Par jugement du 24 juillet 2020, le tribunal administratif de Grenoble a déchargé la société G.M.S. Industrie de la majoration de 80% appliquée sur l'ensemble du redressement et a rejeté le reste de la requête de la société G.M.S. Industrie. Cette décision a été notifiée le 28 juillet 2020 à la société, qui n'en a pas interjeté appel.

Par courrier du 4 mai 2021, la société Tebraica a vainement mis en demeure M. [Z] de lui payer la somme de 117 689 euros au titre de la garantie de passif, puis a, le 18 mai 2021,

sollicité de la société Banque De Savoie le paiement de la somme de 80 000 euros au titre de la garantie à première demande accordée par celle-ci. Le 14 juin 2021, cet établissement bancaire a effectué le règlement malgré l'opposition de M. [Z].

Par actes des 11 et 14 juin 2021, M. [Z], excipant du non-respect des modalités contractuelles permettant d'actionner sa garantie de passif, a fait assigner les sociétés Tebraica, Banque De Savoie et G.M.S. Industrie devant le tribunal de commerce de Chambéry afin notamment d'obtenir la condamnation de la première à lui payer la somme de 80 000 euros qui lui aurait été indûment versée.

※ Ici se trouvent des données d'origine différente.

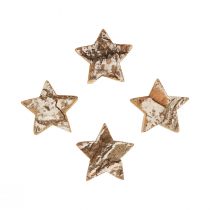 Artikel Strooidecoratie Kerst houten sterren schors gewit Ø5cm 12 st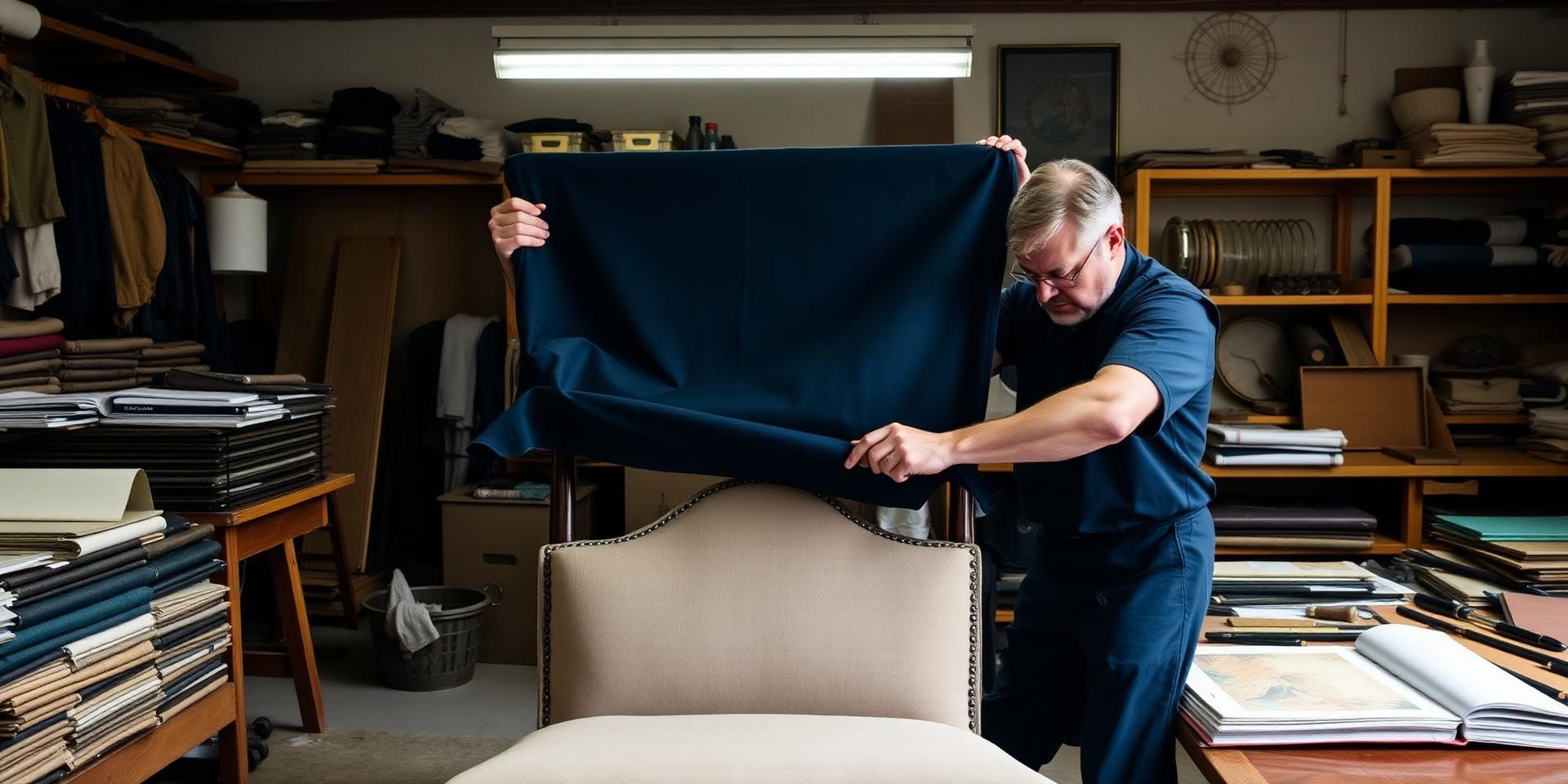 Kaiser Upholstery artisan workroom with hand-stitched custom upholstery in progress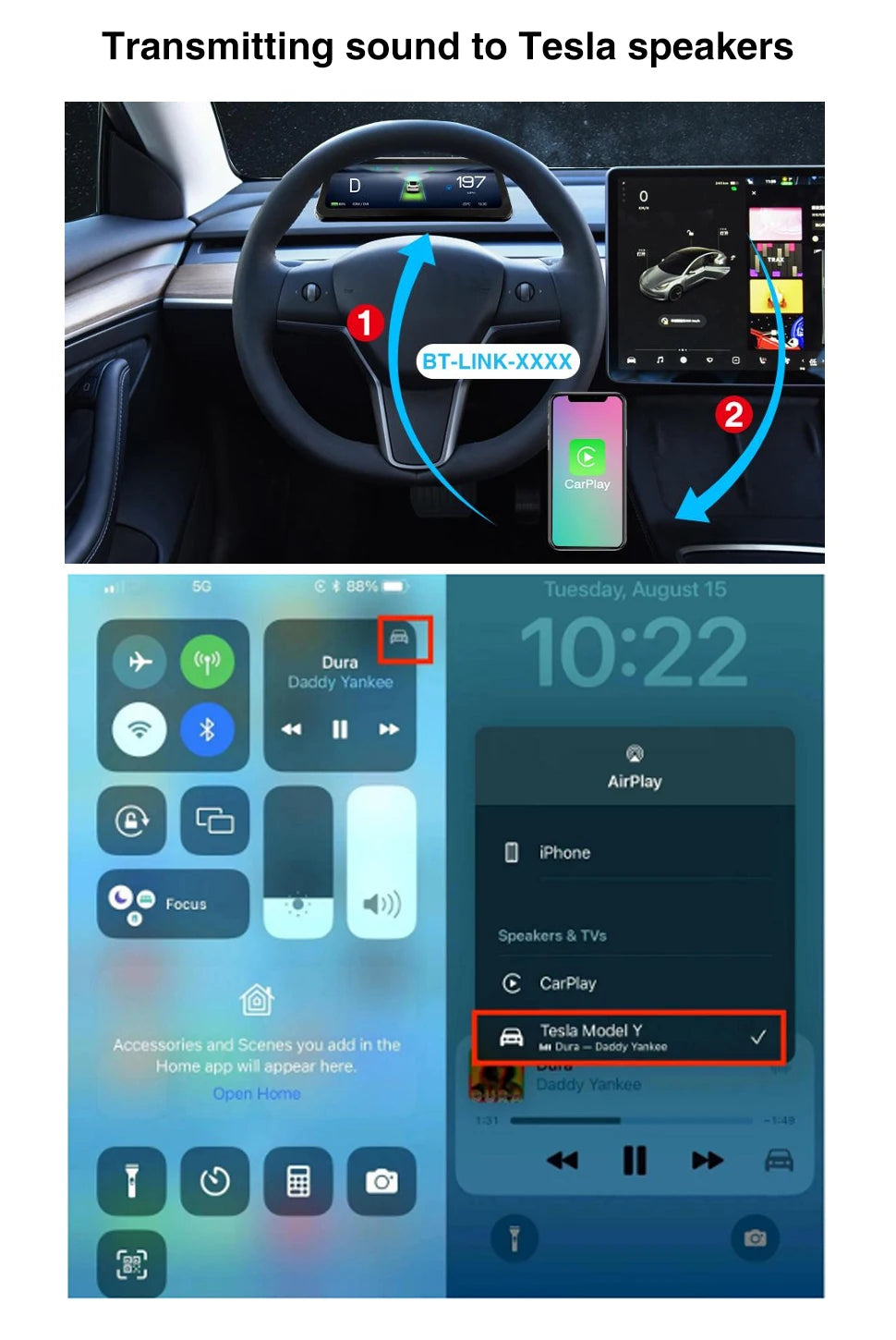 For Tesla Display 9.6 Inches New HUD For Model 3 2016-2023 & Model Y 2020-2024 Support Multiple Languages Carplay Android Auto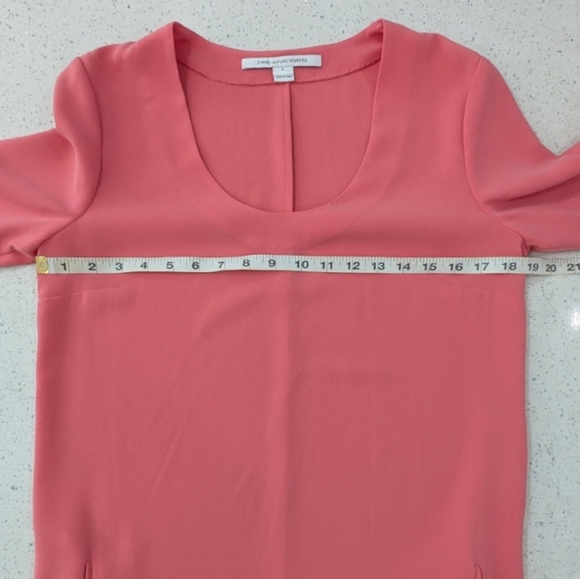 Diane Von Furstenberg Rose Pink Shift Mini Dress Scoop Neck 3/4 Sleeve Pockets 4 - Picture 4 of 11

De son côté, la société Tebraica a, suivant exploit du 29 juillet 2021, fait assigner M. [Z] devant le tribunal de commerce de Chambéry afin de le voir condamner à lui verser la somme de 117 689 euros au titre de la garantie de passif. Ces deux instances ont été jointes.

Par jugement du 18 mai 2022, le tribunal de commerce de Chambéry, avec le bénéfice de l'exécution provisoire, a :

- Mis hors de cause la société Banque De Savoie ;

- Mis hors de cause la société G.M.S. Industrie ;

- Débouté M. [Z] de toutes ses demandes ;

- Condamné M. [Z] à payer, en deniers ou quittances valables, à la société Tebraica :

- La somme de 117 689 euros, montant principal de la cause sus-énoncée,

- Les intérêts de cette somme au taux légal majoré de 3 points à compter du 4 mai 2021,

- La somme de 2 000 euros à titre d'indemnité en application de l'article 700 du code de procédure civile ;

- Condamné M. [Z] à payer à la société Banque De Savoie la somme de 1 000 euros à titre d'indemnité en application de l'article 700 du code de procédure civile ;

- Laissé les dépens à la charge de M. [Z] ;

- Condamné M. [Z] aux dépens ;

- Liquidé les frais de la présente décision à la somme de 109,74 euros ITC avec TVA = 20% comprenant les frais de mise au rôle et de la présente décision.

Au visa principalement des motifs suivants :

M. [Z], assisté de son conseil, ayant assuré seul la défense de la société GMS Industrie dans le litige l'opposant à l'administration fiscale, avait bien connaissance de la décision rendue par le tribunal administratif le 24 juillet 2020 ;

les conséquences de ce litige fiscal, connu des parties, a fait l'objet de stipulations spécifiques et ne constitue pas un événement nouveau susceptible d'engager la responsabilité du garant, de sorte que les modalités d'information prévues à l'article 3.1 de la convention n'étaient pas appplicables ;

le 21 septembre 2020, la société Tebraica a relevé le caractère définitif de la responsabilité de M. [Z], ce qui ne laissait aucun doute à ce dernier sur sa volonté d'actionner la garantie de passif ;

elle a ainsi bien respecté le délai de 15 jours imposé par la convention de garantie d'actif et de passif ;

la somme de 117 689 euros qu'elle réclame, au demeurant non contestée, se trouve clairement explicitée par les deux tableaux annexes joints à son courrier du 4 mai 2021.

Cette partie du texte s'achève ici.